(Short text fragments from websites)
========================

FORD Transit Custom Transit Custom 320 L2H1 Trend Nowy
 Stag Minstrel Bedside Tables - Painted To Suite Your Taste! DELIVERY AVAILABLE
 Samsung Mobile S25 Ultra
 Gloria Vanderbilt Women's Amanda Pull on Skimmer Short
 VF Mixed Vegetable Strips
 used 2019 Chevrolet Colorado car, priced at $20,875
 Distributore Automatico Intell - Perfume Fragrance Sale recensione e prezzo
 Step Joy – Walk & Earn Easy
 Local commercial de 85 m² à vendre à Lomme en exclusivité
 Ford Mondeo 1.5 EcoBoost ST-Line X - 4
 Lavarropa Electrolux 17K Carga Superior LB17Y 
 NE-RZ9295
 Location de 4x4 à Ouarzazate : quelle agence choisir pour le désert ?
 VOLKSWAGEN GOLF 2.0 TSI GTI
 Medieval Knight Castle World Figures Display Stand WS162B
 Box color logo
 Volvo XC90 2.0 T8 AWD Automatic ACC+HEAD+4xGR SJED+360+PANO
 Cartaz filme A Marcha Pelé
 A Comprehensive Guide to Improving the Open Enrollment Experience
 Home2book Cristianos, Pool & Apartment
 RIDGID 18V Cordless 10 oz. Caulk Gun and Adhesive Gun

========================

_Task prompt_
This task calls for an exact reproduction of the lines that start at the one containing "Step Joy – Walk & Earn Easy" and continue to the end of the entries above.

_Your response_
 Step Joy – Walk & Earn Easy
 Local commercial de 85 m² à vendre à Lomme en exclusivité
 Ford Mondeo 1.5 EcoBoost ST-Line X - 4
 Lavarropa Electrolux 17K Carga Superior LB17Y 
 NE-RZ9295
 Location de 4x4 à Ouarzazate : quelle agence choisir pour le désert ?
 VOLKSWAGEN GOLF 2.0 TSI GTI
 Medieval Knight Castle World Figures Display Stand WS162B
 Box color logo
 Volvo XC90 2.0 T8 AWD Automatic ACC+HEAD+4xGR SJED+360+PANO
 Cartaz filme A Marcha Pelé
 A Comprehensive Guide to Improving the Open Enrollment Experience
 Home2book Cristianos, Pool & Apartment
 RIDGID 18V Cordless 10 oz. Caulk Gun and Adhesive Gun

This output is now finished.